My first instinct was to wave at the merchant: "They should be idempotent." The interviewer's response, paraphrased: "That is true, and it is also the response that gets us paged at 2am when a real merchant has a real outage. What can our system do?"

This was the moment the round turned. The expected answer was not a single fix. It was a layered set of mitigations, each with a cost stated:

Layered mitigations (revised diagram, 35 min in)
  1. Persistent attempt log written BEFORE the HTTPS call       cost: extra write per attempt
  2. Per-event idempotency key surfaced in the request header   cost: protocol contract on merchants
  3. Bounded retry budget with explicit dead-letter             cost: events can permanently fail
  4. Webhook signature includes a delivery attempt counter      cost: merchants must accept replays
  5. Public dashboard so merchants can see attempted vs acked   cost: ops surface to maintain

Each line of that list was a 4-5 minute sub-discussion. The interviewer was not looking for me to invent these. They were looking for me to acknowledge that any honest answer involved an explicit set of tradeoffs the platform owner has to defend in writing.

The artifact that closed the round

With about 12 minutes left, the interviewer asked for a sketch of the worker's persistence write path. I drew this, in pseudocode, on the whiteboard:

def deliver(event_id: str, attempt: int) -> None:
    # Persist the attempt BEFORE the network call so a worker crash
    # cannot lose the fact that we tried.
    log_attempt_started(event_id, attempt)
    try:
        response = http_post(
            url=merchant_endpoint(event_id),
            headers={
                "Stripe-Signature": sign(event_id, attempt),
                "Stripe-Delivery-Attempt": str(attempt),
            },
            body=event_payload(event_id),
            timeout=10.0,
        )
    except (Timeout, NetworkError):
        log_attempt_failed(event_id, attempt, reason="network")
        schedule_retry(event_id, attempt + 1)
        return

    # The crash window we cannot eliminate sits between these two lines.
    # We document it, alarm on it, and surface it to the merchant.
    log_attempt_finished(event_id, attempt, response.status)

The comment about the crash window mattered more than the code. I said it out loud while writing it: "There is a window between the response landing and the persistence write where a process crash will cause a duplicate on retry. We cannot remove this window without two-phase commit on the merchant side, which they will not do. We make it observable instead."

The interviewer wrote that down. After the round, the recruiter relayed that the design panel had specifically called out "named the unfixable window and instrumented around it" as the moment the round turned positive.

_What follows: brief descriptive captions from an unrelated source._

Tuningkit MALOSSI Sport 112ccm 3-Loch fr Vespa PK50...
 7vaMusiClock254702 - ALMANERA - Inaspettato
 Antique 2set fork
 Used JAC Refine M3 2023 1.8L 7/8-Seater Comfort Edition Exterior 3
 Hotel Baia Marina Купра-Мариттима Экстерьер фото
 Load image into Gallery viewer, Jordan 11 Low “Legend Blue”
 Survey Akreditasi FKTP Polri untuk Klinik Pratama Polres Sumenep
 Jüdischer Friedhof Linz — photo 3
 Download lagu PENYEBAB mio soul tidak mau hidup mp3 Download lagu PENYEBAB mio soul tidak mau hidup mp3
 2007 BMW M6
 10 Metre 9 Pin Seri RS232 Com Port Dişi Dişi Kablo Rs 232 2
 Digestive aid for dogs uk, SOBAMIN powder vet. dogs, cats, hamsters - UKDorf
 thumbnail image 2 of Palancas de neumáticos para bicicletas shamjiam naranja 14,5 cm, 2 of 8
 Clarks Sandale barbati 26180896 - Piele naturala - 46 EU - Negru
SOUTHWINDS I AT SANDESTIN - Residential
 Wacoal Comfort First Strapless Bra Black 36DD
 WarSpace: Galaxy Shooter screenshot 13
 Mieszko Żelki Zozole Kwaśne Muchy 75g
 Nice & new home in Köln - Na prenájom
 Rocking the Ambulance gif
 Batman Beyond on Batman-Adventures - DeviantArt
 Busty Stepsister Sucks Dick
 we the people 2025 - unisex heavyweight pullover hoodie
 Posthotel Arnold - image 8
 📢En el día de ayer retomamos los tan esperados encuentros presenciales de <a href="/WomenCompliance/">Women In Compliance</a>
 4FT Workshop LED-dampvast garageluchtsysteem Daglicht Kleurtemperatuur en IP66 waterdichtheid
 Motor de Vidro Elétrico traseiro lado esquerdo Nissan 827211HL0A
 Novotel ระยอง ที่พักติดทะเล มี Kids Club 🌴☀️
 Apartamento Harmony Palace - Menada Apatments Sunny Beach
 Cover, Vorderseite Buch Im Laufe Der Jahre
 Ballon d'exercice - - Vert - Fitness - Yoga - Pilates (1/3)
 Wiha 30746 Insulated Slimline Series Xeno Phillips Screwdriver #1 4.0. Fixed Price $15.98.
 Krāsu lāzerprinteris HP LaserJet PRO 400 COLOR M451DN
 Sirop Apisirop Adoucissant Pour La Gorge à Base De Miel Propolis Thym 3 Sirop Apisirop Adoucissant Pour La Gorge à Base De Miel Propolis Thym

The unfixable window is the round

The first 20 minutes of a Stripe design round will feel like a normal load-balancer-and-queue exercise. The signal you are being graded on starts when the interviewer asks about a specific failure window and you have to choose between three uncomfortable answers (live with it, push the cost to the merchant, or carry the cost on the platform). Have a position. Defend it with the cost stated. The interviewer is not testing the topology. They are testing whether you have ever owned the pager on a system shaped like this.